**Problem details**
When you come to a picture, pass over it, and set down the entries below exactly.

**Provided records**
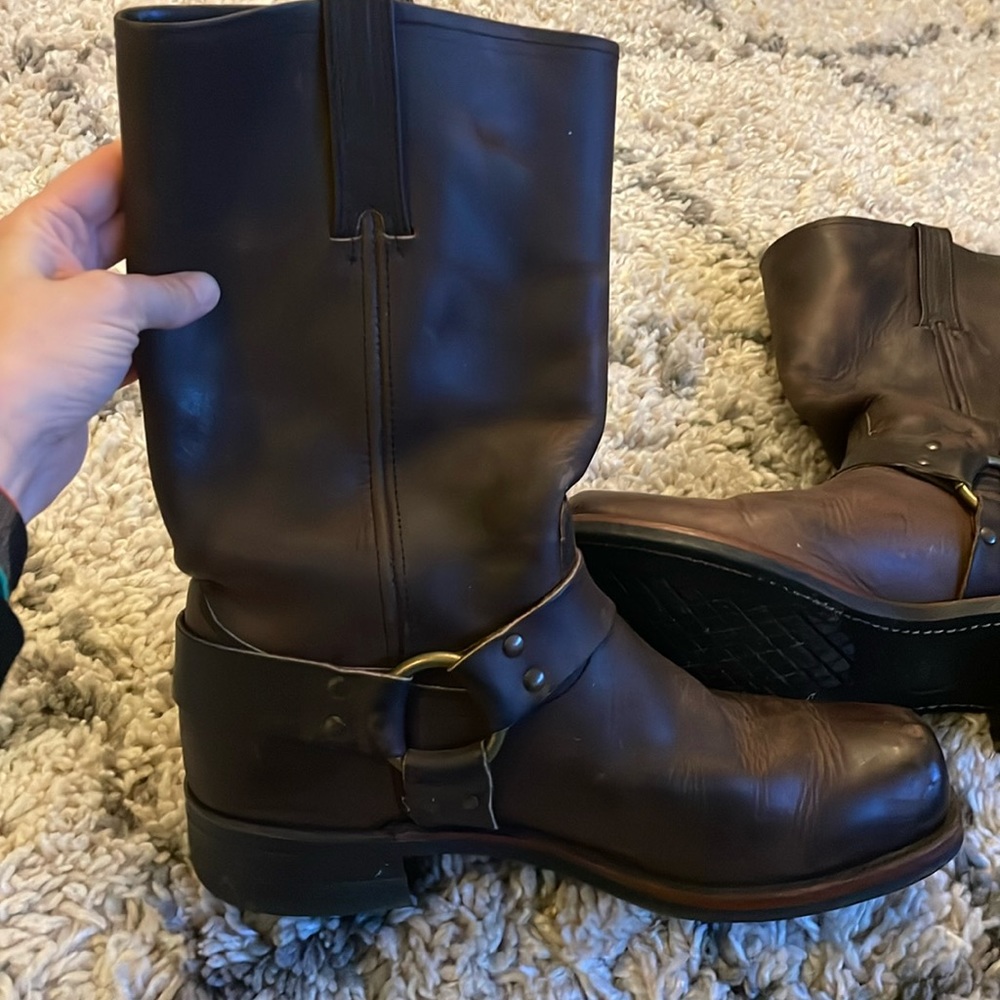 Frye harness boots.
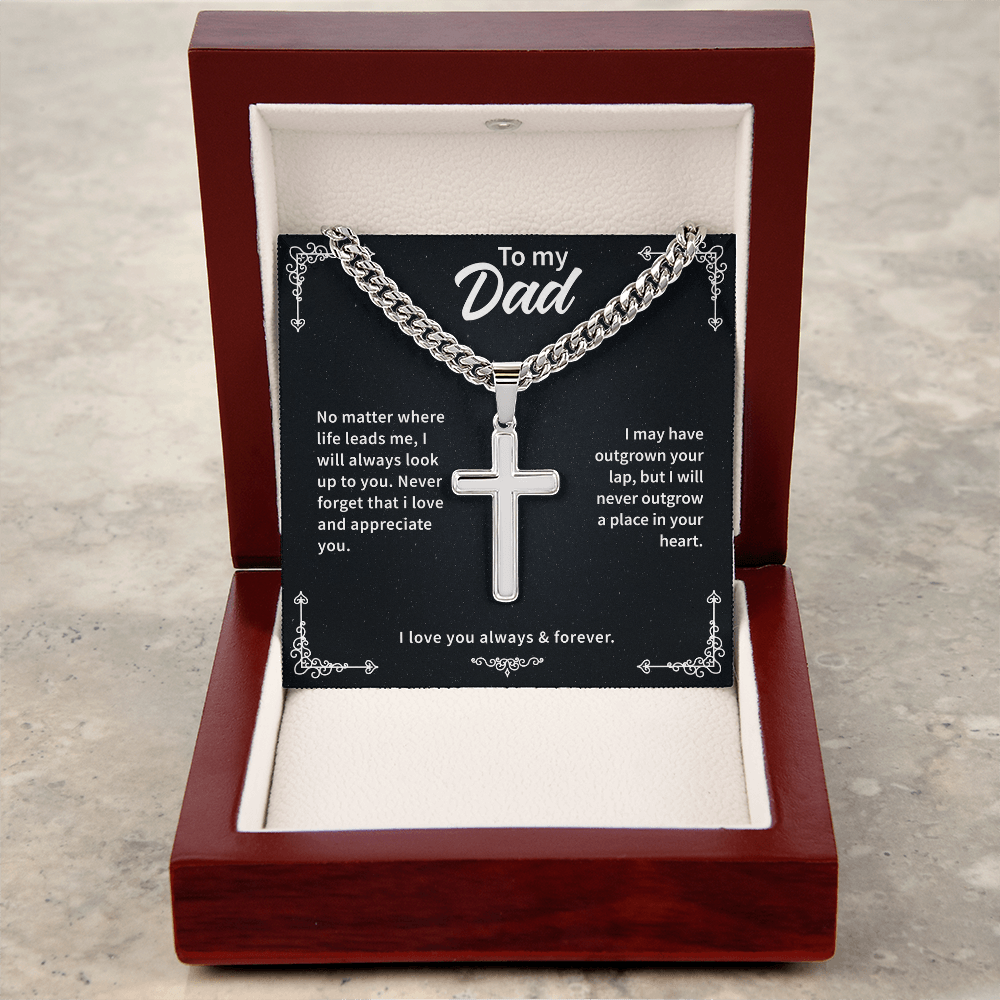 To my dad Cuban Link Chain with Engraved Artisan Cross - Beauty Belliss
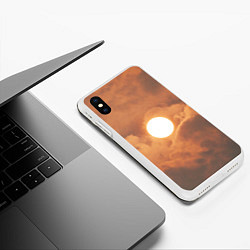 Чехол iPhone XS Max матовый Бронзовое солнце, цвет: 3D-белый — фото 2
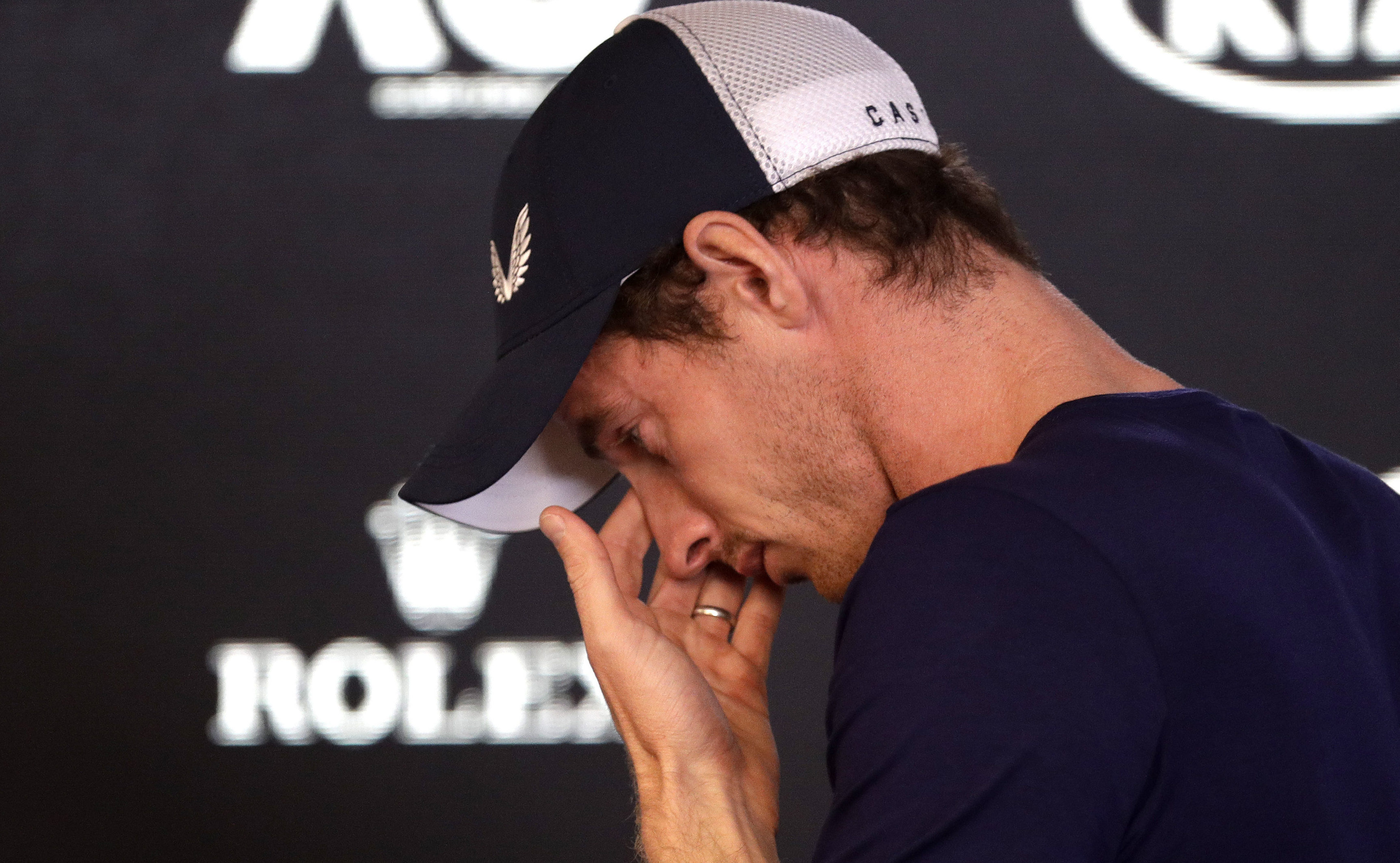 Andy Murray was visibly upset at the press conference (AP Photo/Mark Baker)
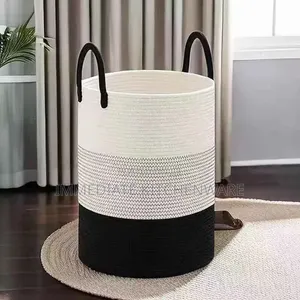 Cotton Rope Large Laundry Basket With Handles
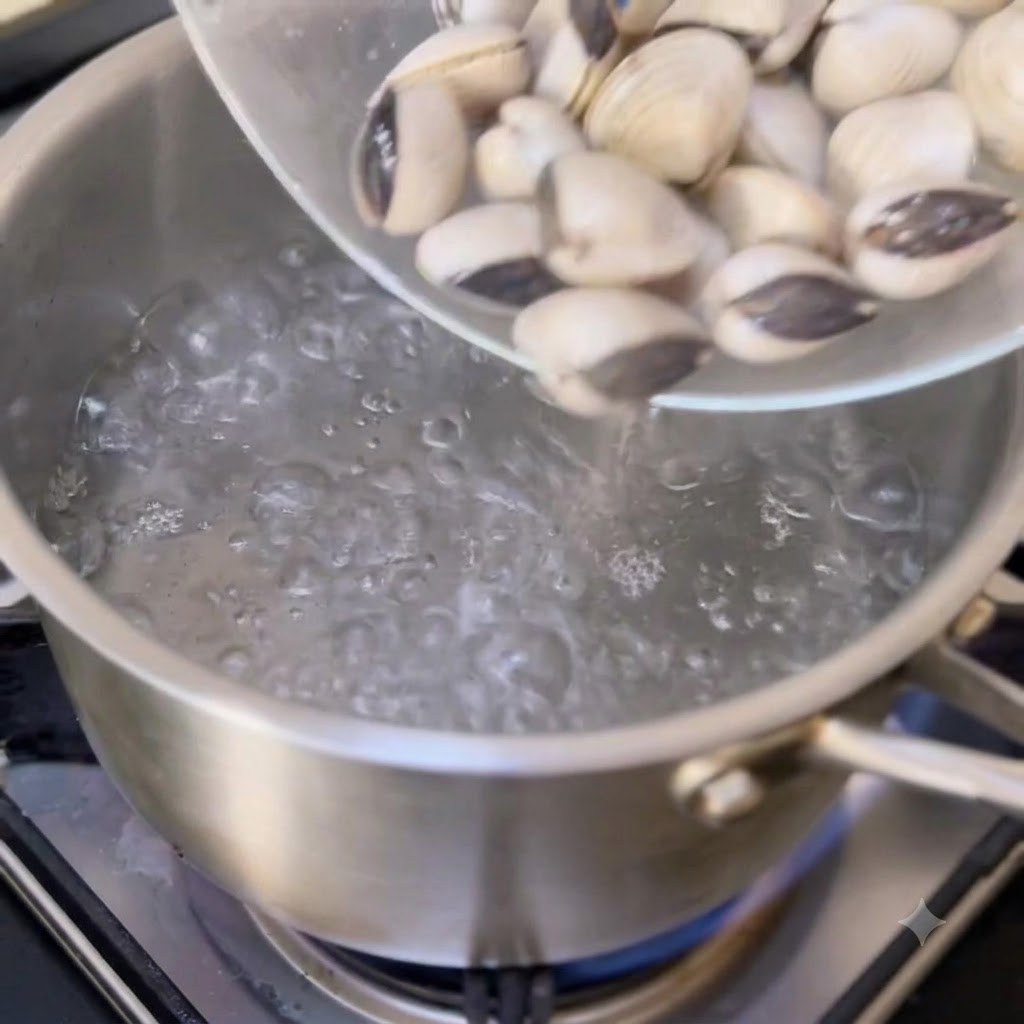 Muscheln werden in kochendes Wasser in einem Metalltopf gegeben.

**Written answer**
 Frye harness boots.
 To my dad Cuban Link Chain with Engraved Artisan Cross - Beauty Belliss
 Чехол iPhone XS Max матовый Бронзовое солнце, цвет: 3D-белый — фото 2
 Andy Murray was visibly upset at the press conference (AP Photo/Mark Baker)
 Cotton Rope Large Laundry Basket With Handles
 Muscheln werden in kochendes Wasser in einem Metalltopf gegeben.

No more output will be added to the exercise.